• _ASSIGNMENT_: Omit the pictures and return exactly the stretch of the material below from the line with "Hasta ahora los" through the line with "Designer Genna Single Lever Mono Bath Filler".

• _INPUT MATERIAL_:

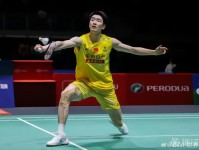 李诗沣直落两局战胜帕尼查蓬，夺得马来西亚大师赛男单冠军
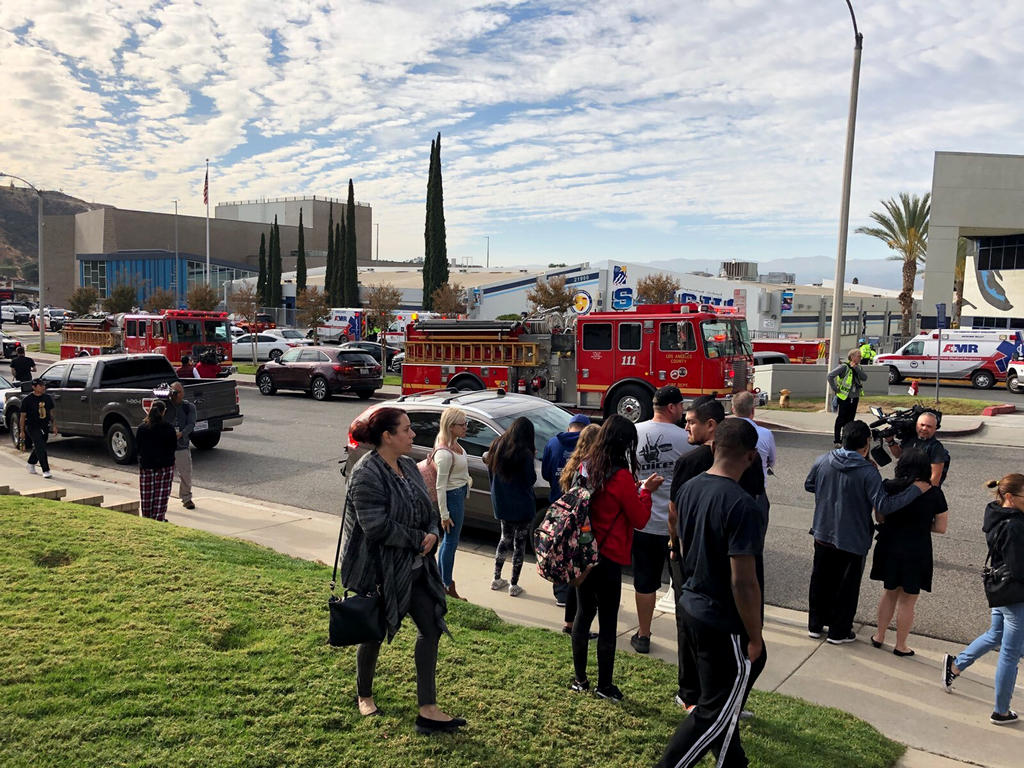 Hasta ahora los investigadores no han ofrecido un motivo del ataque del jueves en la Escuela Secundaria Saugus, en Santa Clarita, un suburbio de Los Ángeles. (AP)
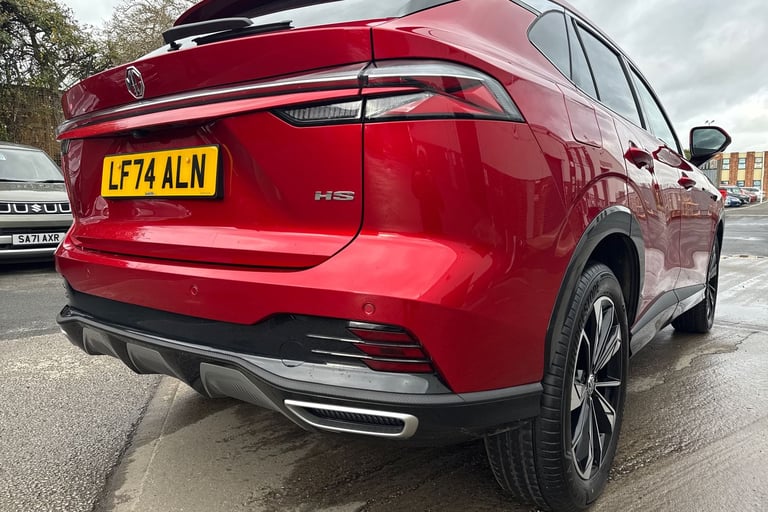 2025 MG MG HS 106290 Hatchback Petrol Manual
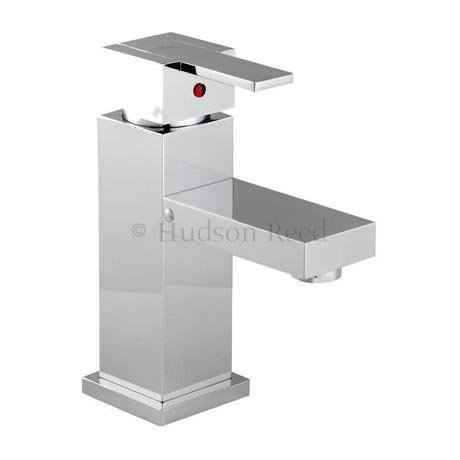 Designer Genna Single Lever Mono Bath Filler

==

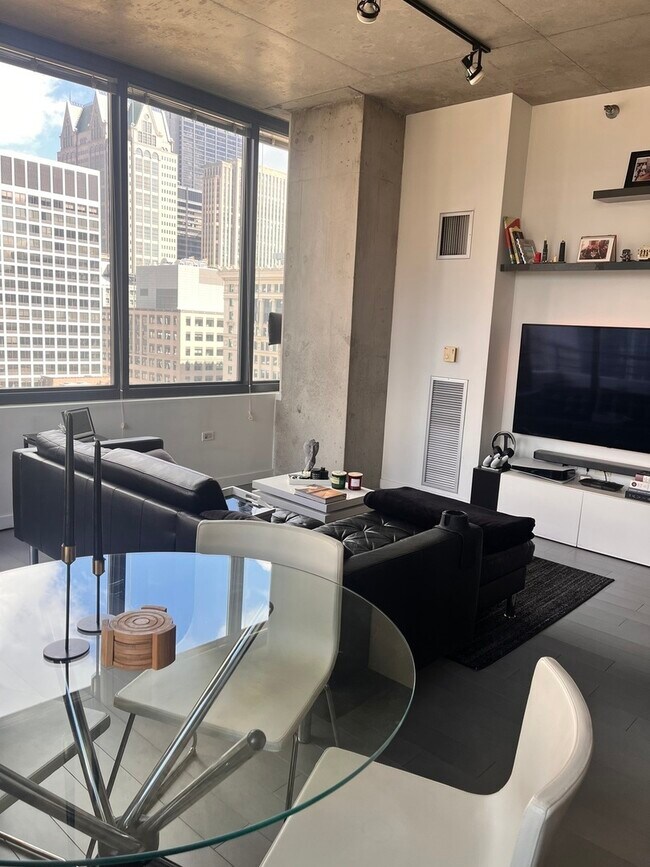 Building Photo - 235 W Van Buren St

• _EXPECTED OUTPUT_:
 Hasta ahora los investigadores no han ofrecido un motivo del ataque del jueves en la Escuela Secundaria Saugus, en Santa Clarita, un suburbio de Los Ángeles. (AP)
 2025 MG MG HS 106290 Hatchback Petrol Manual
 Designer Genna Single Lever Mono Bath Filler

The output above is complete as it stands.